• **EXERCISE DIRECTIONS**
Please restate the records below verbatim, omitting every image they hold.

(INFORMATION GIVEN)

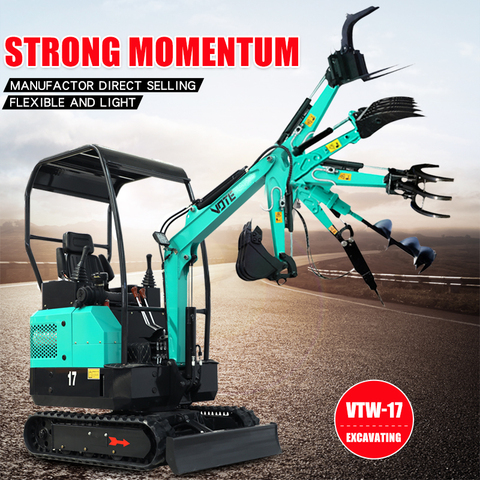 VOTE VTW-17 China cheap mini crawler hydraulic excavator red/green/black digger mini digger for sale ► Photo 1/6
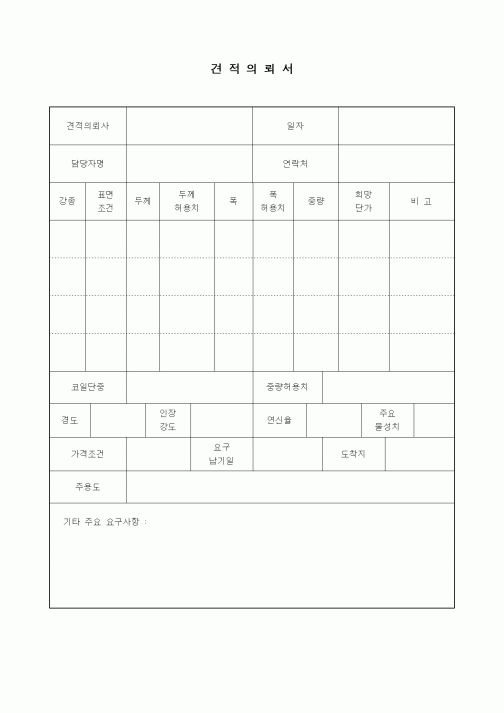 (제조/생산)견적의뢰서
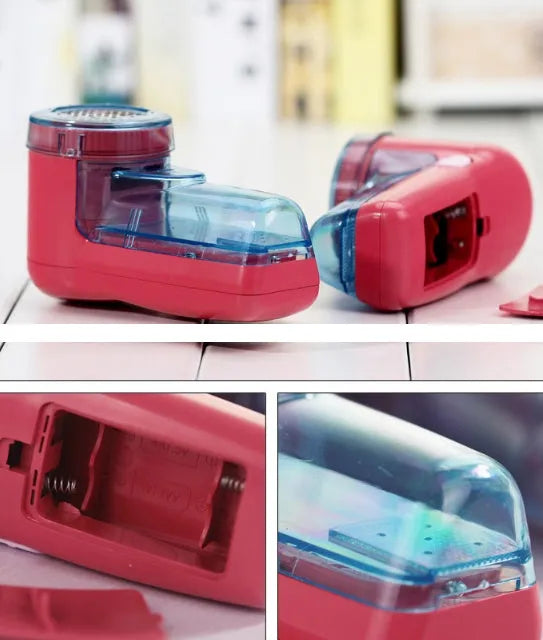 Portable electric lint remover device for removing pills from sweaters and fabrics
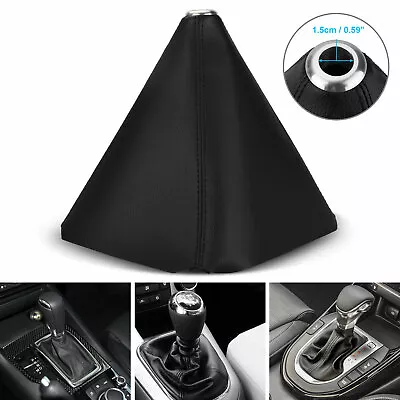 Universal Car Shift Knob Shifter Boot Cover DIY Black PVC Leather MT AT Sport • $11.99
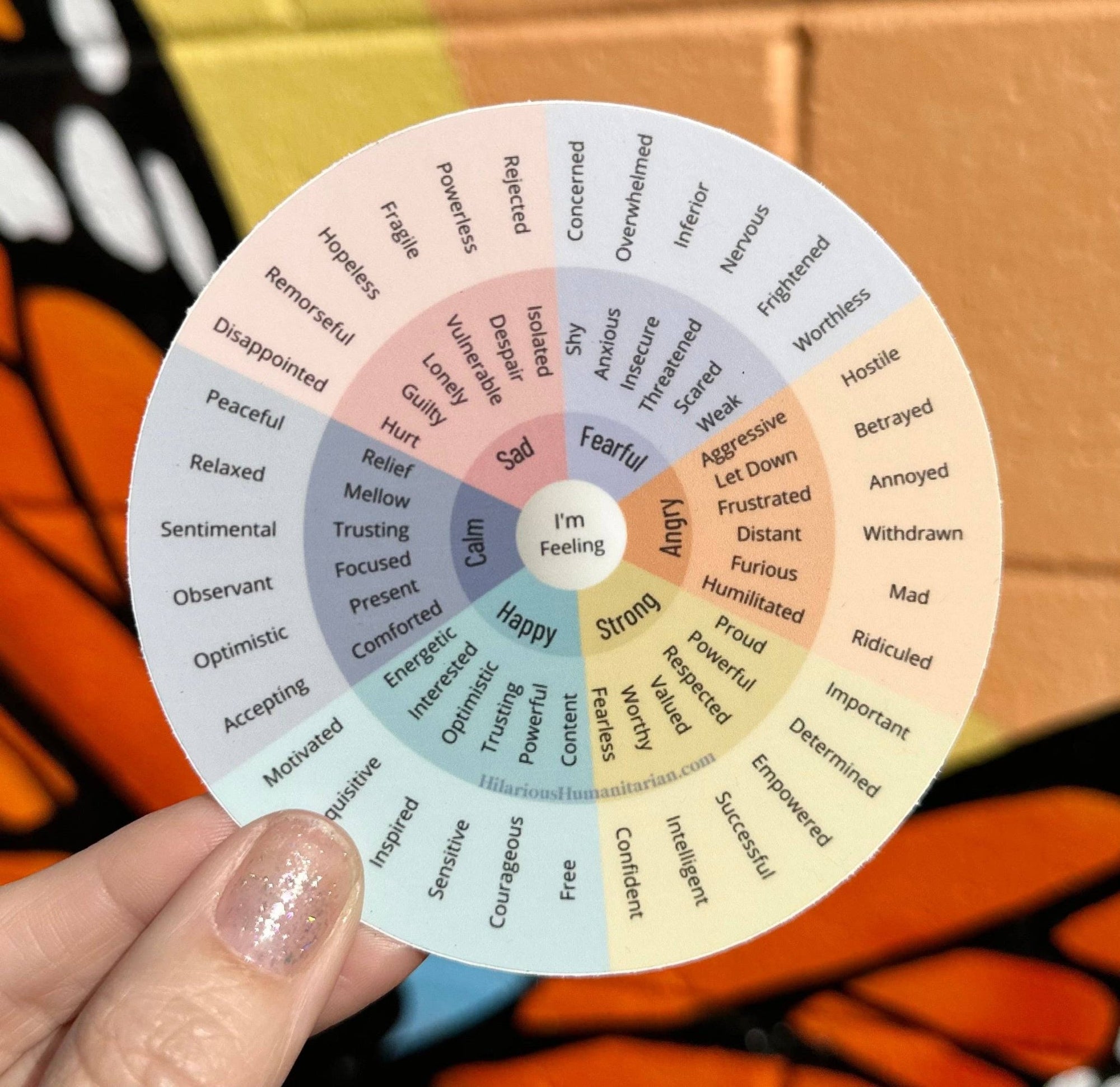Wheel of Emotions Sticker - Box Turtle
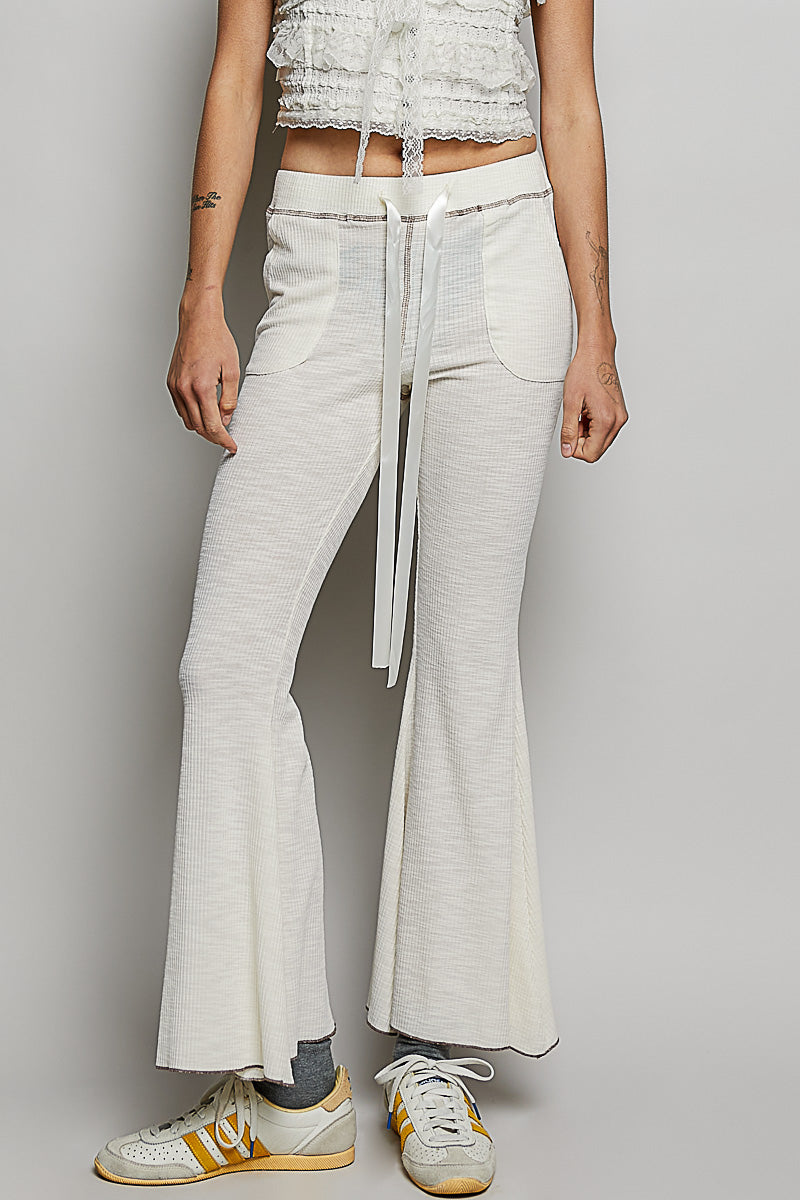Textured Ribbed Drawstring Flare Pants
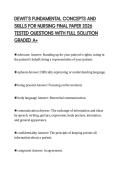 DEWIT&rsquo;S FUNDAMENTAL CONCEPTS AND SKILLS FOR NURSING FINAL PAPER 2026 TESTED QUESTIONS WITH FULL SOLUTION GRADED A&plus;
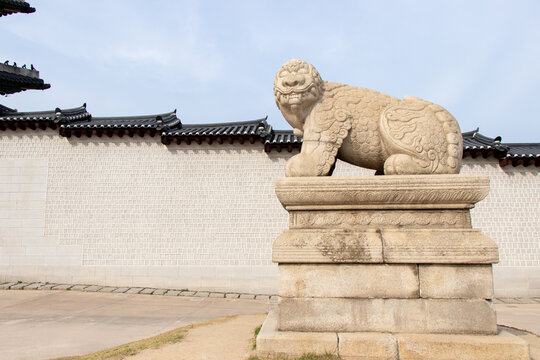 Seoul, South Korea- Oct 25, 2019 : Haechi statue infront of gyeongbokgung palace. Haechi is one of the symbol of Seoul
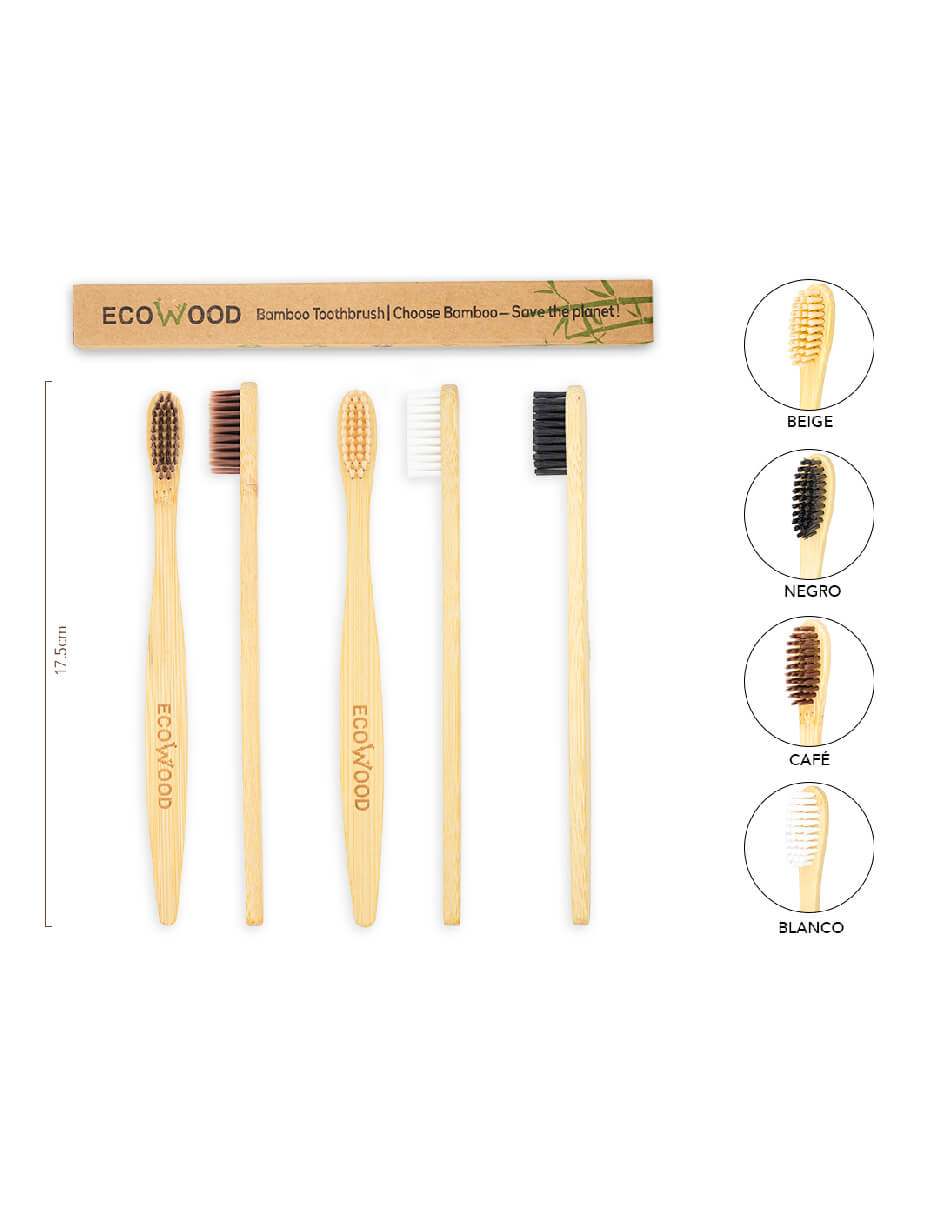 Kit 5 Cepillos de Dientes Ecowood de Bambu Biodegradable con Cerdas Suaves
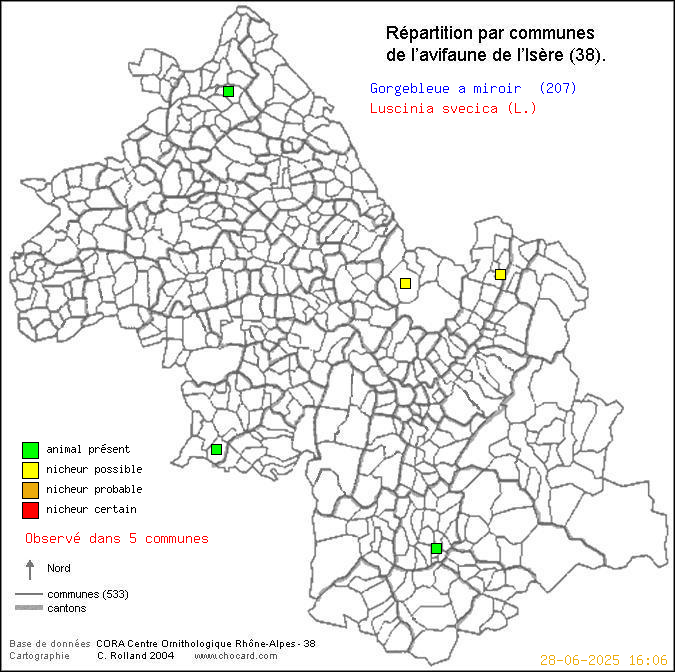 Carte de rpartition par communes en Isre d'une espce d'oiseau: Gorgebleue  miroir (Luscinia svecica (L.)) selon Communes et cantons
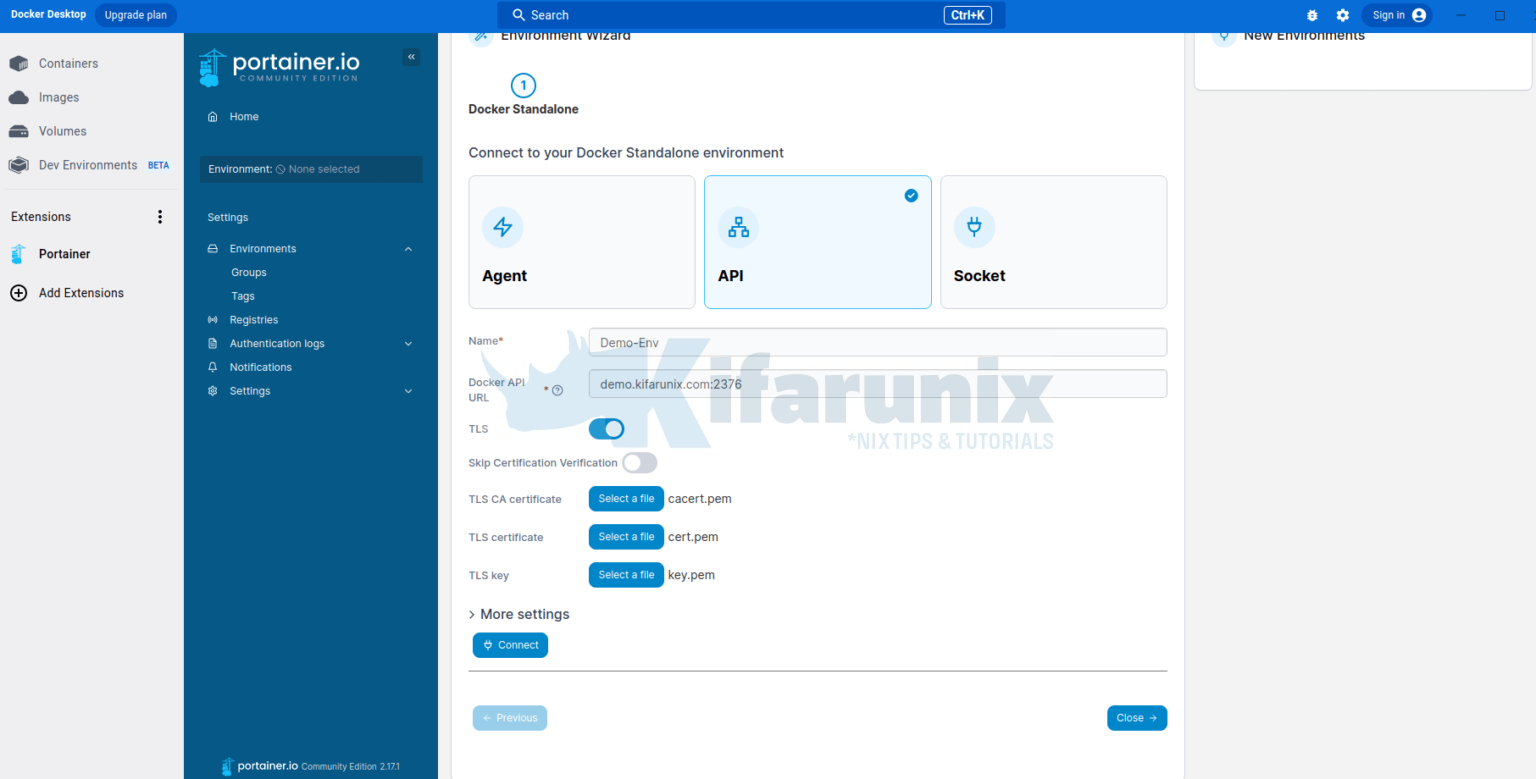 Connect to Remote Docker Environment on Docker Desktop - kifarunix.com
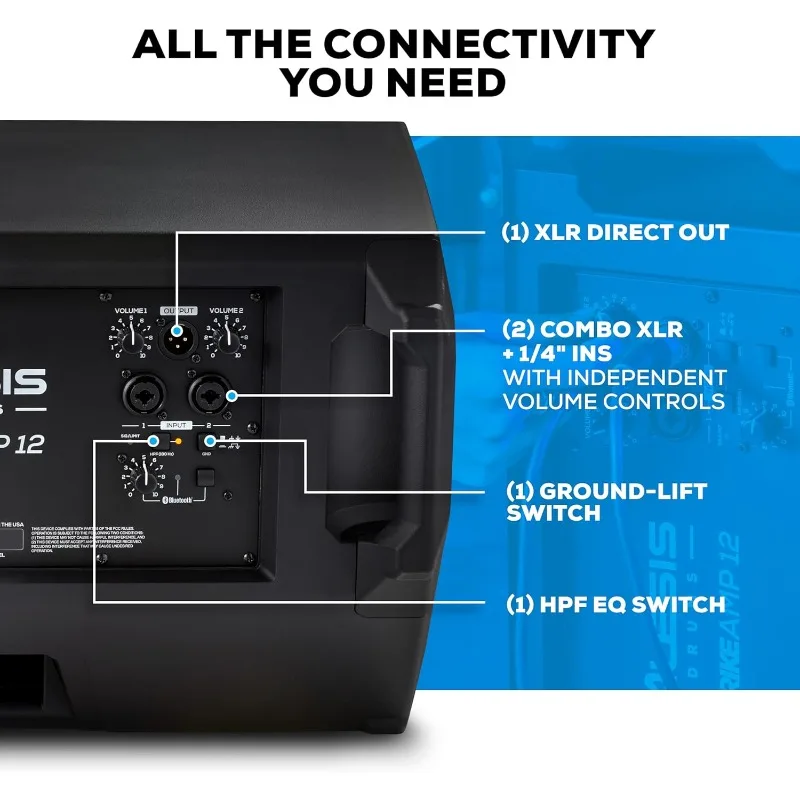 แอมป์กลองไฟฟ้า Strike Amp 12 MK2-2500W สำหรับชุดกลองไฟฟ้า พร้อมบลูทูธ, วูฟเฟอร์ 12 นิ้ว, ระบบปรับเสียง HPF EQ และสวิตช์ Ground-Lift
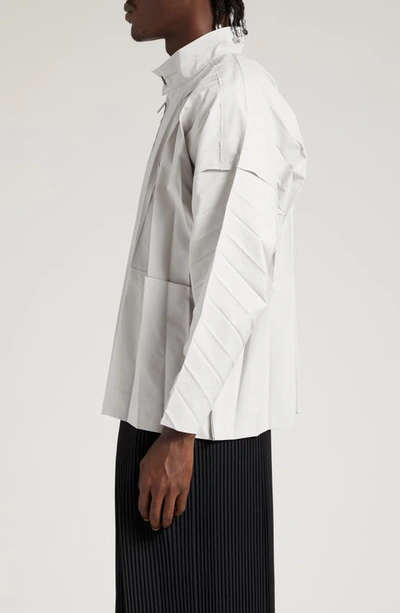 Shop Issey Miyake Edge Pleated Jacket In 11-lt.gray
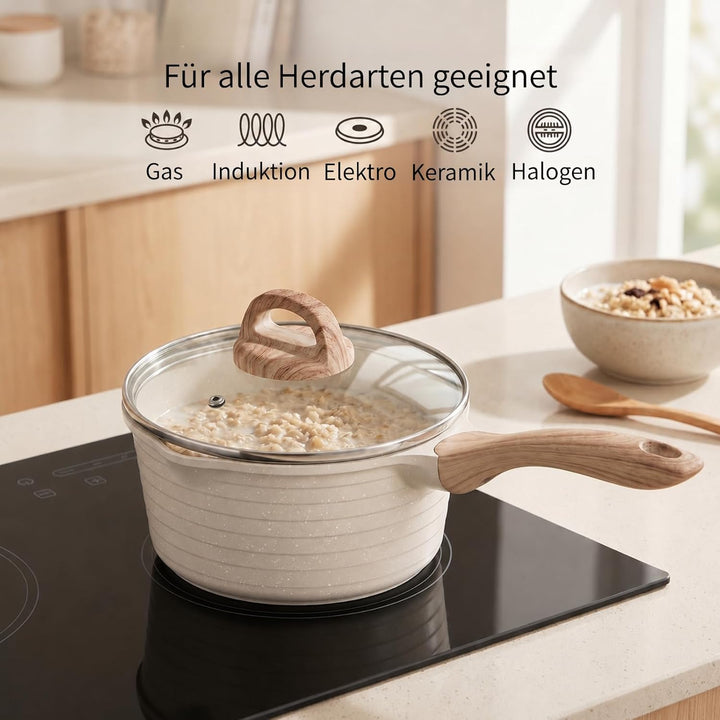 JEETEE Kasserolle 18 cm, 2L Stielkasserolle mit Deckel, klein Kasserolle Stieltopf, Milchpfanne, Mil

(End INFORMATION GIVEN)

• **OUTPUT FOR THIS TASK**
 VOTE VTW-17 China cheap mini crawler hydraulic excavator red/green/black digger mini digger for sale ► Photo 1/6
 (제조/생산)견적의뢰서
 Portable electric lint remover device for removing pills from sweaters and fabrics
 Universal Car Shift Knob Shifter Boot Cover DIY Black PVC Leather MT AT Sport • $11.99
Wheel of Emotions Sticker - Box Turtle
Textured Ribbed Drawstring Flare Pants
 DEWIT&rsquo;S FUNDAMENTAL CONCEPTS AND SKILLS FOR NURSING FINAL PAPER 2026 TESTED QUESTIONS WITH FULL SOLUTION GRADED A&plus;
 Seoul, South Korea- Oct 25, 2019 : Haechi statue infront of gyeongbokgung palace. Haechi is one of the symbol of Seoul
 Kit 5 Cepillos de Dientes Ecowood de Bambu Biodegradable con Cerdas Suaves
 Carte de rpartition par communes en Isre d'une espce d'oiseau: Gorgebleue  miroir (Luscinia svecica (L.)) selon Communes et cantons
 Connect to Remote Docker Environment on Docker Desktop - kifarunix.com
 แอมป์กลองไฟฟ้า Strike Amp 12 MK2-2500W สำหรับชุดกลองไฟฟ้า พร้อมบลูทูธ, วูฟเฟอร์ 12 นิ้ว, ระบบปรับเสียง HPF EQ และสวิตช์ Ground-Lift
 Shop Issey Miyake Edge Pleated Jacket In 11-lt.gray
 JEETEE Kasserolle 18 cm, 2L Stielkasserolle mit Deckel, klein Kasserolle Stieltopf, Milchpfanne, Mil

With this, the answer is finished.